| Task statement |
From the material below, copy exactly the lines beginning with the one that contains "Asenso Aurora Rectangle Hex Tile - Dove Grey" and ending with the one that contains "Rok dames - A-Lijn"; the pictures stay out.

———

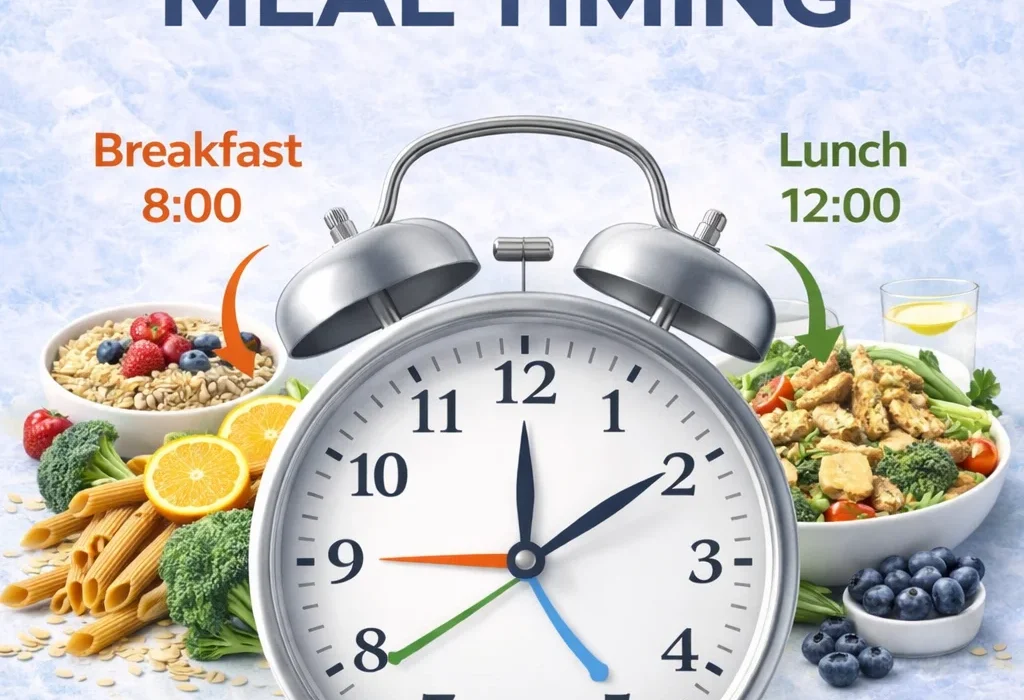 Clock illustration showing meal timing with healthy foods. Breakfast at 8:00 AM, Lunch at 12:00 PM, and Dinner at 6:00 PM.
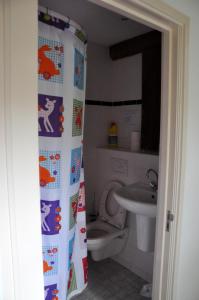 łazienka z toaletą i umywalką w obiekcie B&B Kelpiebrink w mieście Baarle-Nassau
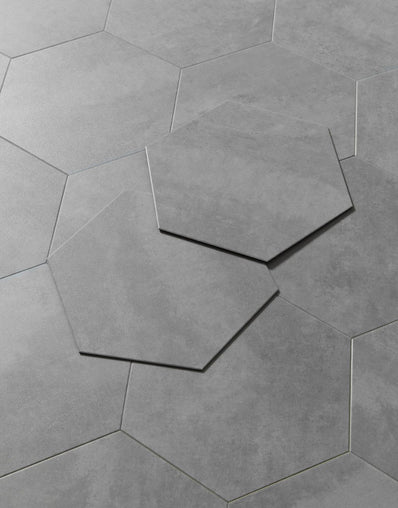Asenso Aurora Rectangle Hex Tile - Dove Grey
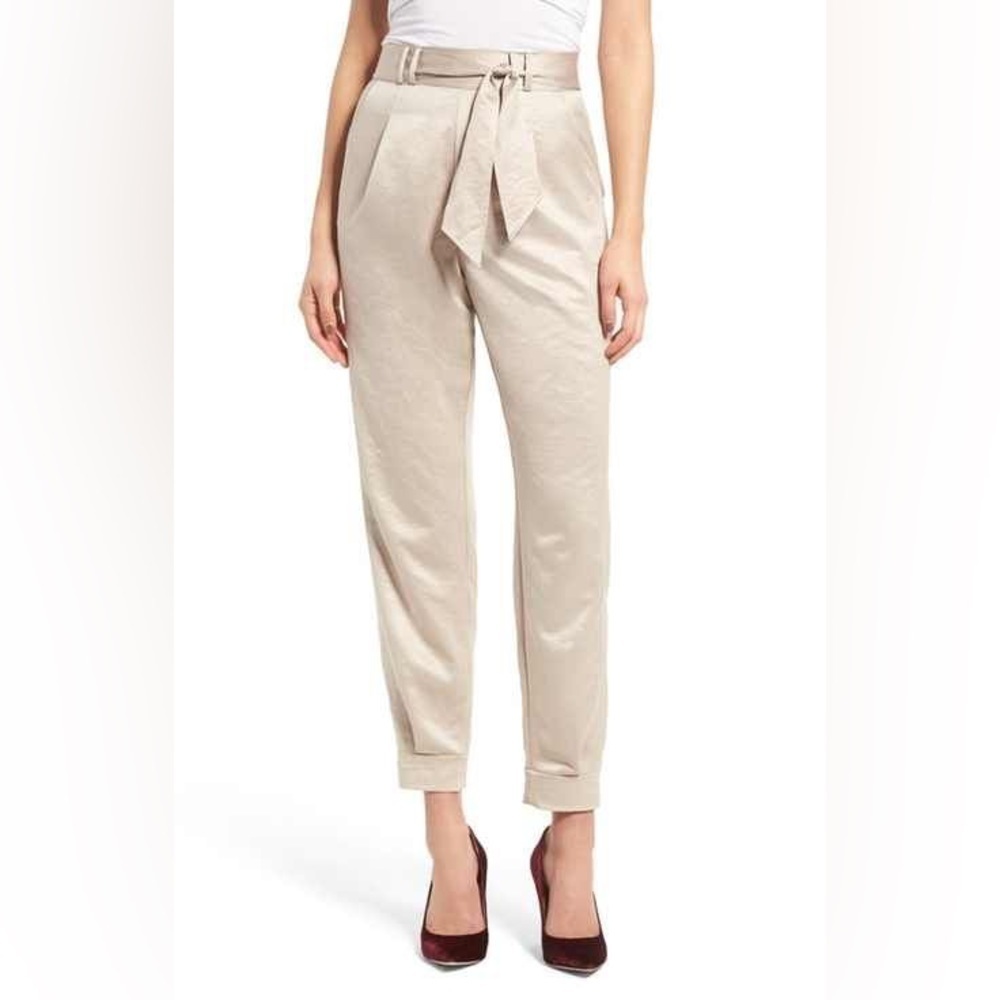 Leith High-Rise Tie Waist Satin Pants in Champagne | Size Small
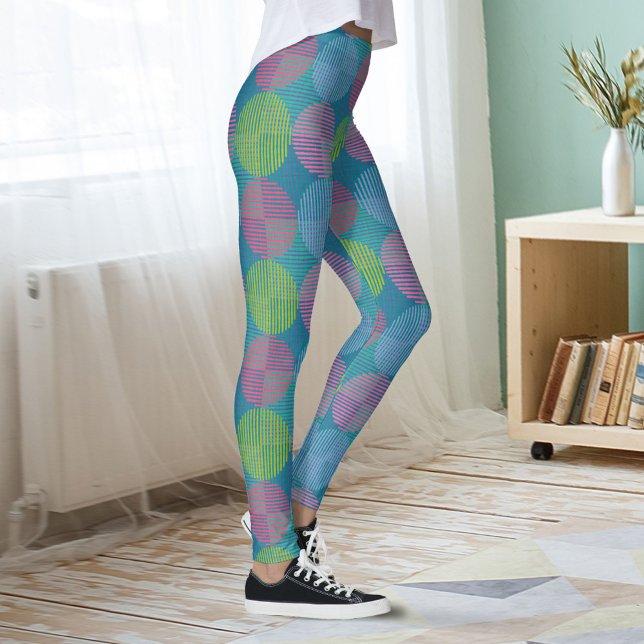 Leggings Colorful Geometric Abstract Circles On Blue (Subido por el creador)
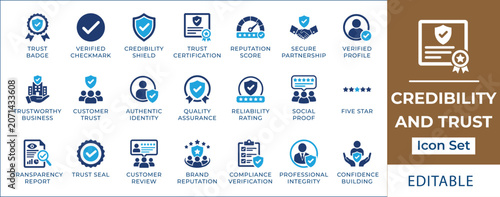 Tableau sur toile Credibility and trust icon set featuring corporate guarantee certificate, customer testimonial rating, business handshake, checkmark badge, and data protection shield symbols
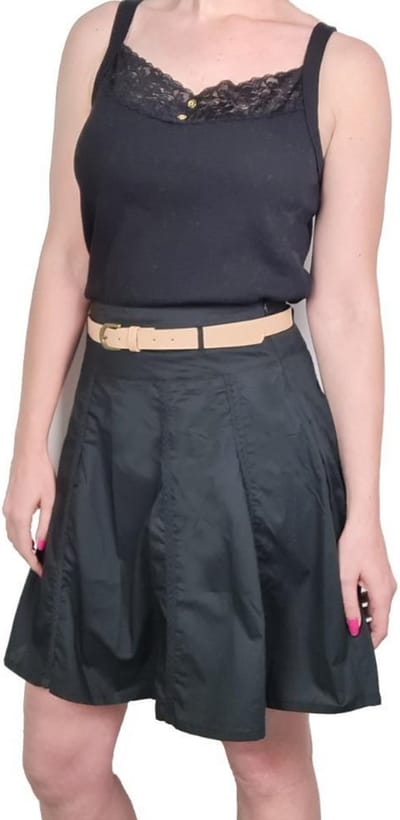 Rok dames - A-Lijn - Met Riem - high waist - Bon Prix - Kleur Zwart - Maat 36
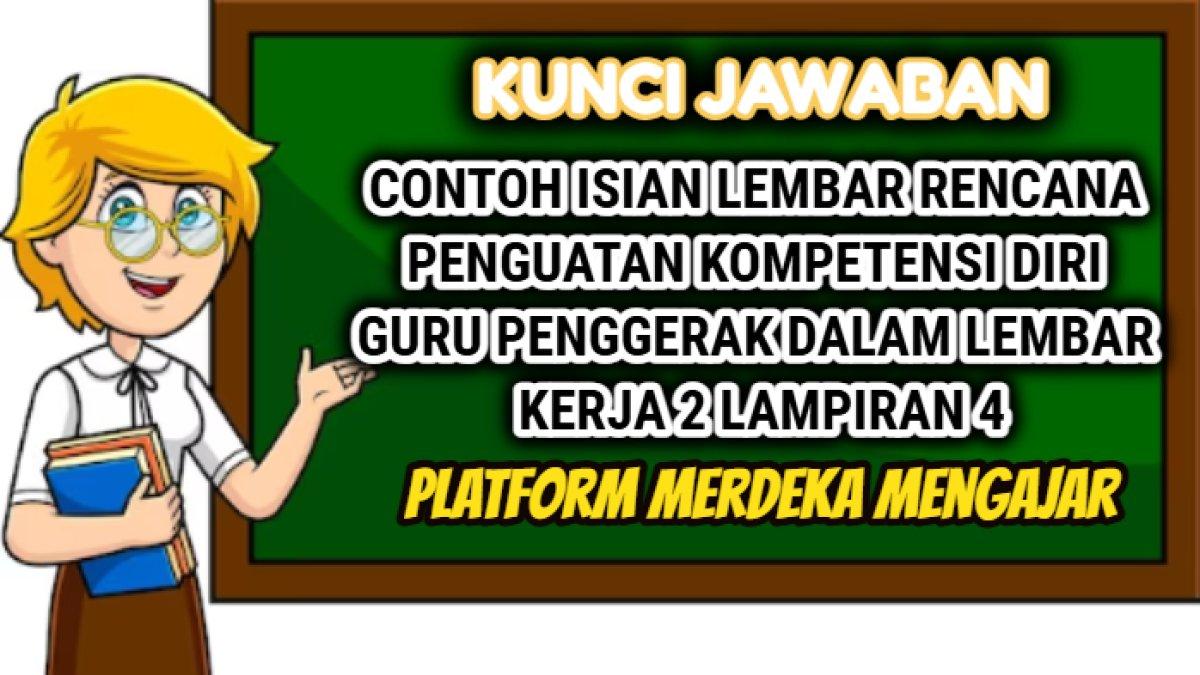 Contoh isian lembar rencana penguatan kompetensi diri Guru Penggerak dalam Lembar Kerja 2 Lampiran 4.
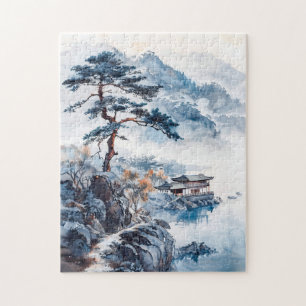 Waterverfinkt van Chinees landschap op een meer Legpuzzel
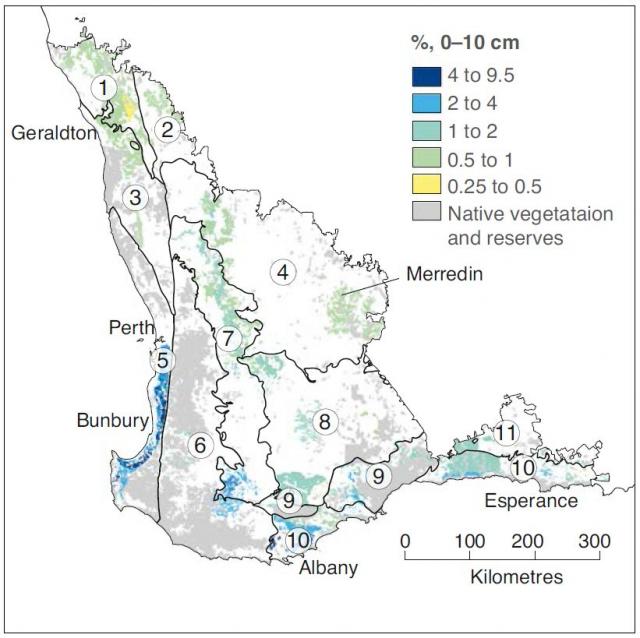 Map of the agricultural area of Western Australia showing soil organic carbon concentrations in known areas
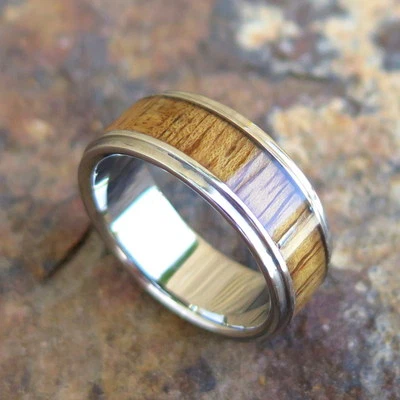 Genuine Hawaiian Light Koa Wood Inlay Titanium Wedding Ring Band 8mm TWR1005 - Image 1 of 4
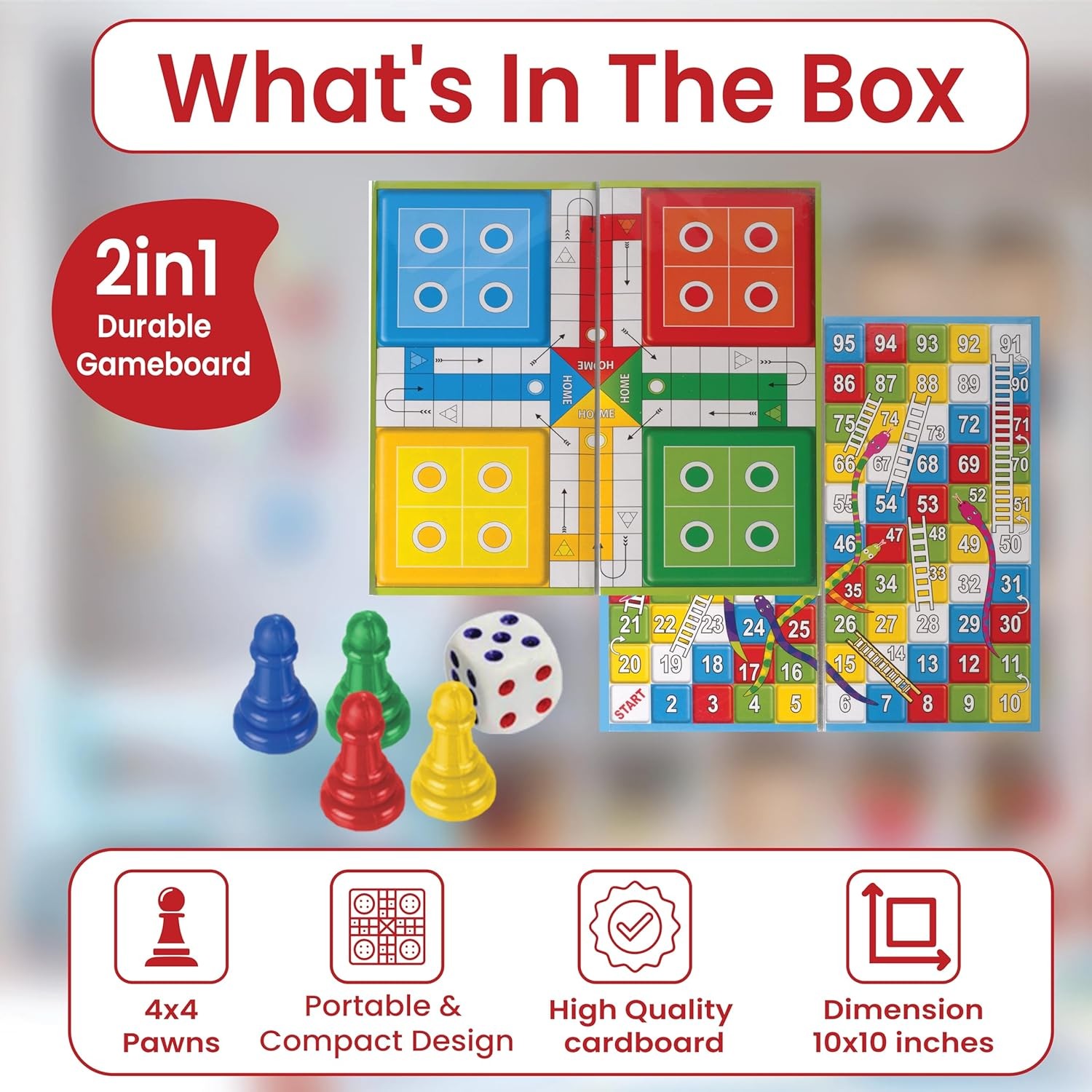 Ludo Board Family Game For Kids & Adults 2-in-1 Snakes & Ladder & Ludo Board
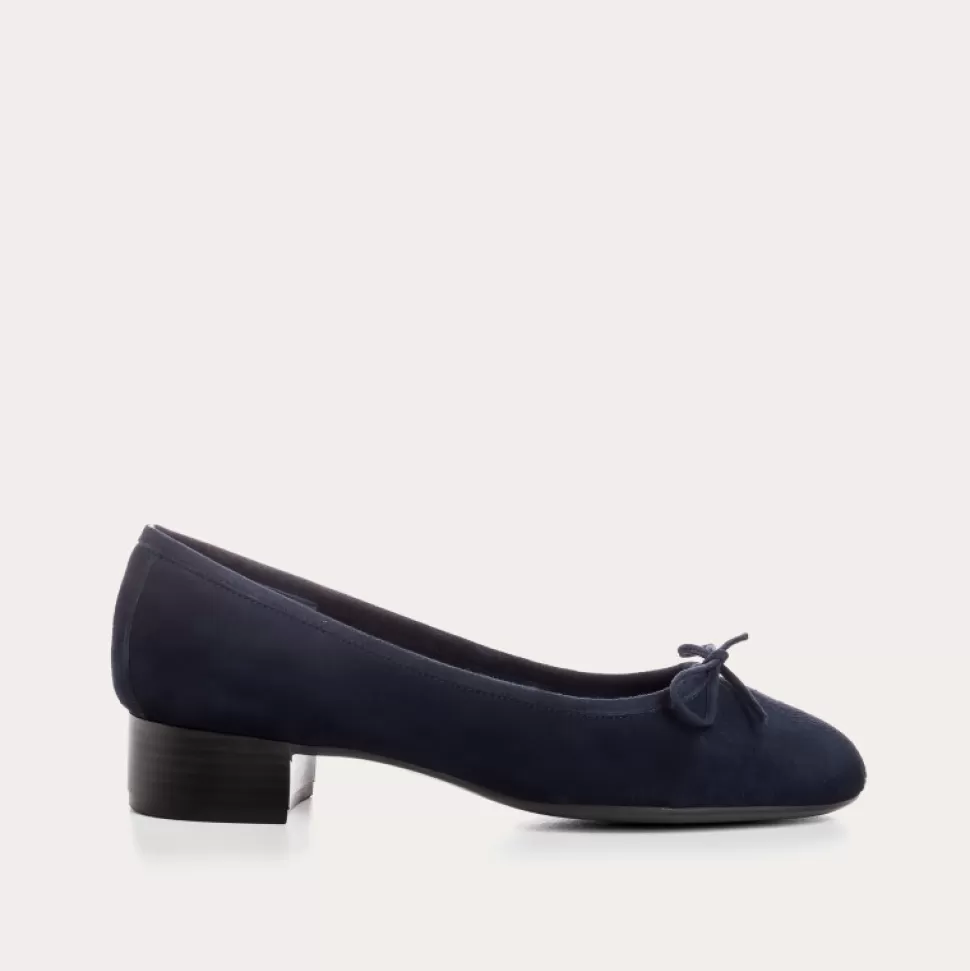 Ballerines^Reqins Ballerines Alma Cuir Velours Bleu, Nuit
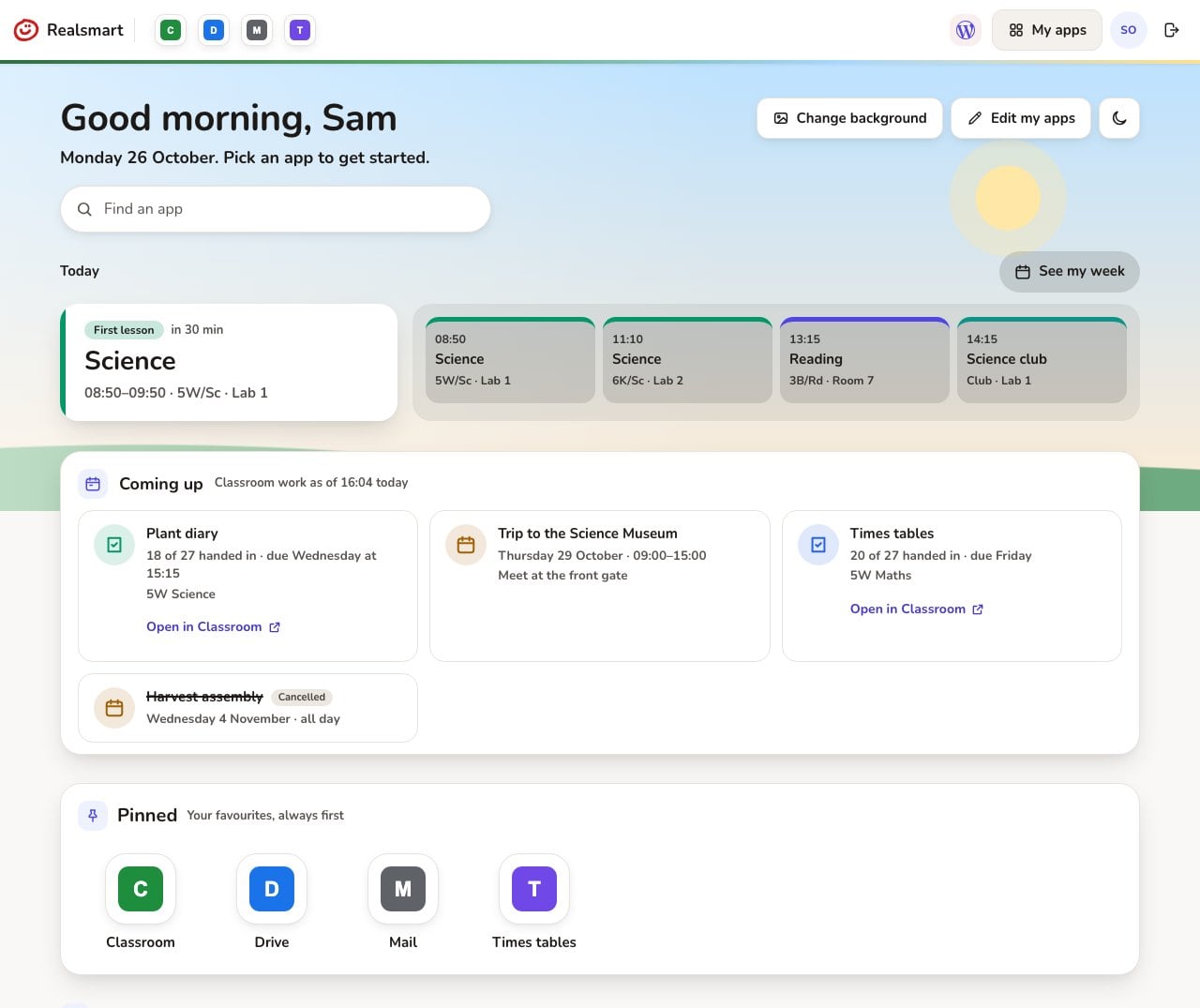 A teacher's Launchpad before school: the first lesson in 30 minutes, today's classes, and Coming up showing Classroom work with how many pupils have handed in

———

| Solution for this task |
Asenso Aurora Rectangle Hex Tile - Dove Grey
 Leith High-Rise Tie Waist Satin Pants in Champagne | Size Small
 Leggings Colorful Geometric Abstract Circles On Blue (Subido por el creador)
 Tableau sur toile Credibility and trust icon set featuring corporate guarantee certificate, customer testimonial rating, business handshake, checkmark badge, and data protection shield symbols
 Rok dames - A-Lijn - Met Riem - high waist - Bon Prix - Kleur Zwart - Maat 36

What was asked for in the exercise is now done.